I first looked at the Mobeus from MV back in November 2004 - it was in fact the launch product from the company and it proved to be an impressive little machine at an attractive price. Things have moved on a little since then, so I figured it was worth revisiting the Mobeus and seeing what you're getting for your money in today's climate.
The market for thin and light notebooks seems to be growing all the time, and every time I look a new machine appears that redefines the genre. Only last week I looked at the Sony VAIO VGN-T2XP, which completely won me over, but there are a lot of mobile users out there who want something light and portable, but don't have over £1,500 to spend. This is where the Mobeus comes in - it may not instil the same kudos when you take it out of your bag, but it is small, light, well featured and won't break the bank.
Let's get a few things straight first. the Mobeus doesn't really fall into the ultra-portable category, with a weight of 2.1kg and dimensions of 290 x 230 x 38mm (WxDxH), but it's certainly small and light enough to be carried around with you all day without you getting back ache. And to be fair, the super svelte Sony T2XP isn't really what the Mobeus is competing against, it's more akin to the Sony S range, like the VAIO S1VP I reviewed last year, which weighed in at 1.89kg.
Finished in matt silver and black, the Mobeus is reasonably pleasing to the eye, but it doesn't have the WOW factor that, say, a Sony or Apple notebook might have. The lid is secured with a single, central catch and once lifted, a rather staid interior is revealed. Inside everything is black, with the exception of the power button, the "P" button (more on this later) and the two touchpad buttons. things aren't helped by the fact that the default MV wallpaper is also black, but once you change it to something a little less sombre, the Mobeus brightens up a bit.
The screen is a 12.1in widescreen affair, with a native resolution of 1,280 x 800. This is a pretty decent amount of desktop real estate considering the size of the machine, and I found that I could work quite happily on the Mobeus running multiple applications without any trouble.
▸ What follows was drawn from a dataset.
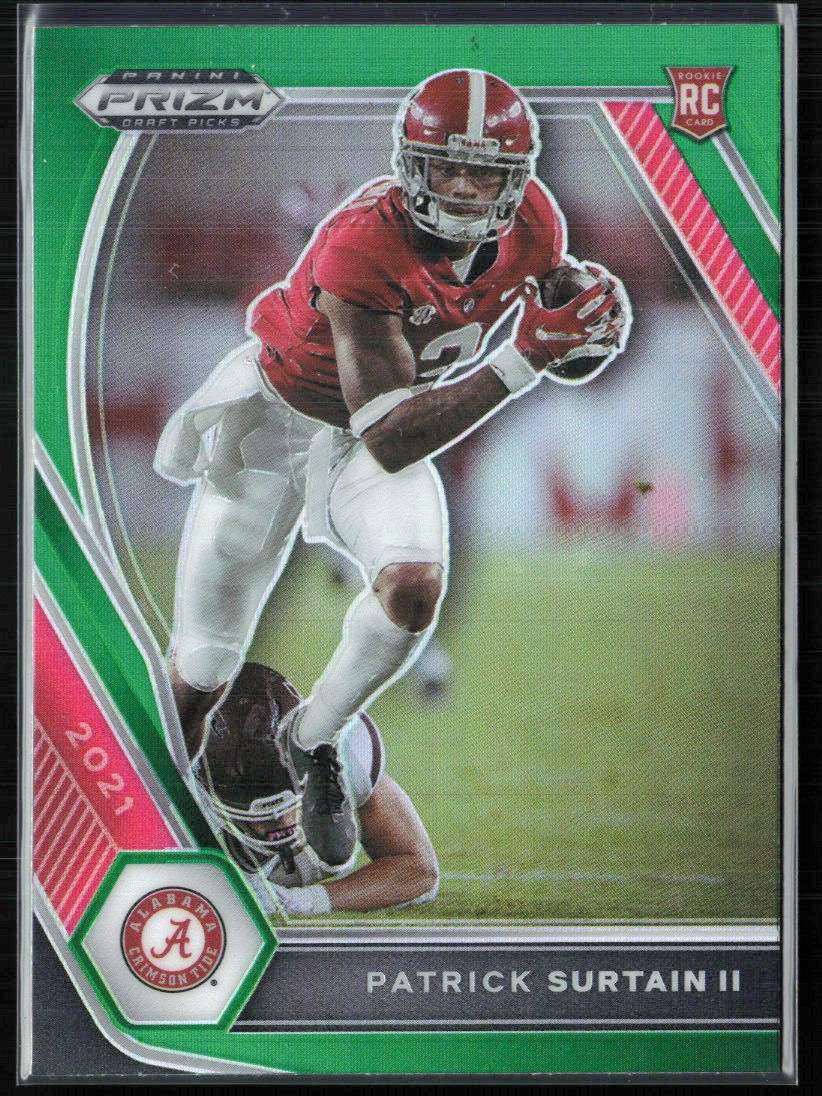Patrick Surtain II RC Green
In fact, most 4:3 aspect ratio thin and light notebooks sport a 1,024 x 768 native resolution, so you are getting considerably more desktop area with a widescreen solution like this. The screen also has a Crystal Bright coating, which is just like the X-Black finish offered by Sony or the X-Glass coating offered by Rock. This high contrast coating makes colours look superbly life like and vivid, which really shows through when watching movies, and with a widescreen display the Mobeus makes a nice little mobile movie player.